Any ideas on how to implement this?
I tried adding something like |(?<!\S)[A-Za-z]+(?=\.(?!\S)) for the dots but it does not seem to be working.
Thanks !
EDIT:
Should match these:
On-line
. These
maintenance,
other.
. Our
Google
Should NOT match these:
MFgwCgYEVQgBAQICAf8DSgAwRwJAW2sNKK9AVtBzYZmr6aGjlWyK3XmZv3dTINen
NY7xtb92dCTfvEjdmkDrUw==
$As_Of_12_31_20104206http://www.sec.gov/CIK0001393311instant2010-12-31T00:00:000001-01-01T00:00:00falsefalseArlington/S.Cooper
-Publisher
gaap_RealEstateAndAccumulatedDepreciationCostsCapitalizedSubsequentToAcquisitionCarryingCostsus
At the moment I am using the following python code to read a text file line by line:
find_words = re.compile(r'(?<!\S)[A-Za-z]+(?!\S)|(?<!\S)[A-Za-z]+(?=:(?!\S))').findall
then i open the text file
contents = open("test.txt","r")
and I search for the words line by line for line in contents:
if find_words(line.lower()) != []: lineWords=find_words(line.lower())
print "The words in this line are: ", lineWords
using some word lists in the following way:
wanted1 = set(find_words(open('word_list_1.csv').read().lower()))
wanted2 = set(find_words(open('word_list_2.csv').read().lower()))
negators = set(find_words(open('word_list_3.csv').read().lower()))
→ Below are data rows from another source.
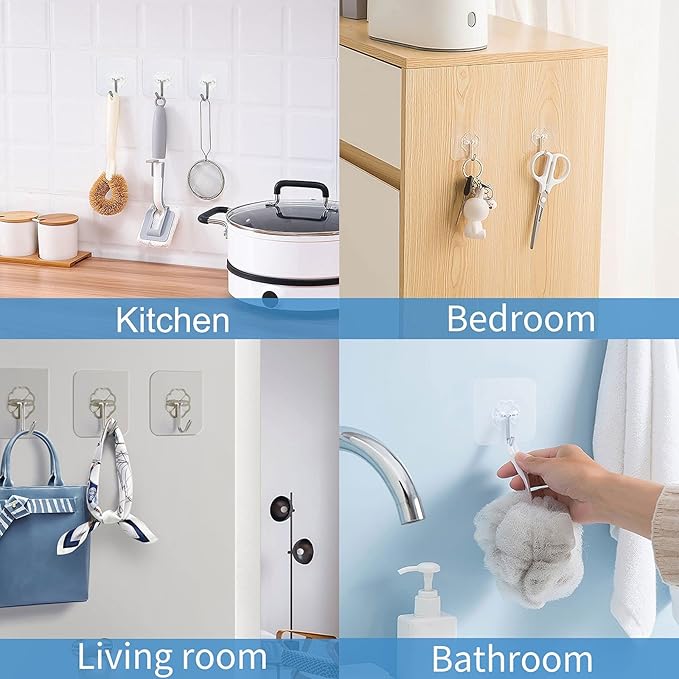 Wall Hooks - 33 lbs Max, Transparent, Seamless, Waterproof & Oilproof - Heavy Duty Adhesive Coat & Towel Hooks(20 Pack)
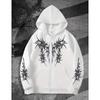 Gotický Kříž Sanskrtský Potisk Volná Mikina na Zip Pánská Ležérní Streetwear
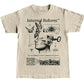 Aprikotenfarbenes Vintage Bedrucktes Oversized Kurzarm Shirt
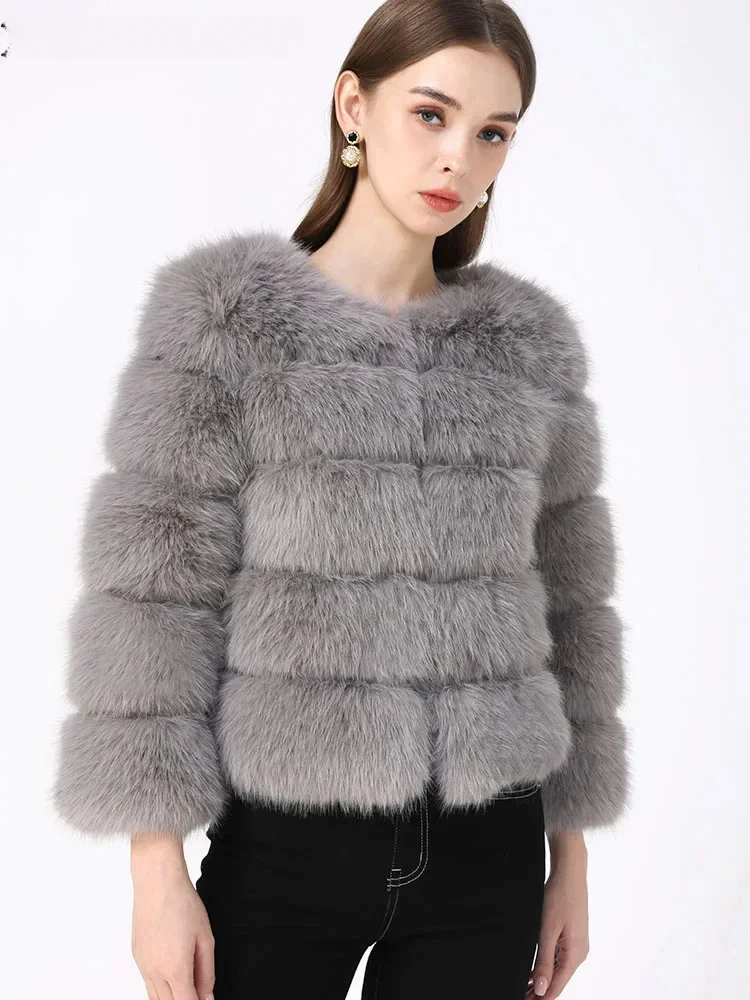 Mink Coats Autumn Winter Fluffy Black Faux Fur Coat Women Elegant Thick Warm Faux Fur Jackets For Women  Tops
i first want to get the valid words from the .txt file, and then check if these words belong in the word lists. the two steps are independent.
I propose this regex:
find_words = re.compile(r'(?:(?<=[^\w./-])|(?<=^))[A-Za-z]+(?:-[A-Za-z]+)*(?=\W|$)').findall
There are 3 parts from your initial regex that I changed:
Middle part:
[A-Za-z]+(?:-[A-Za-z]+)*
This allows hyphenated words.
The last part:
(?=\W|$)
This is a bit similar to (?!\S) except that it allows for characters that are not spaces like punctuations as well. So what happens is, this will allow a match if, after the word matched, the line ends, or there is a non-word character, in other words, there are no letters or numbers or underscores (if you don't want word_ to match word, then you will have to change \W to [a-zA-Z0-9]).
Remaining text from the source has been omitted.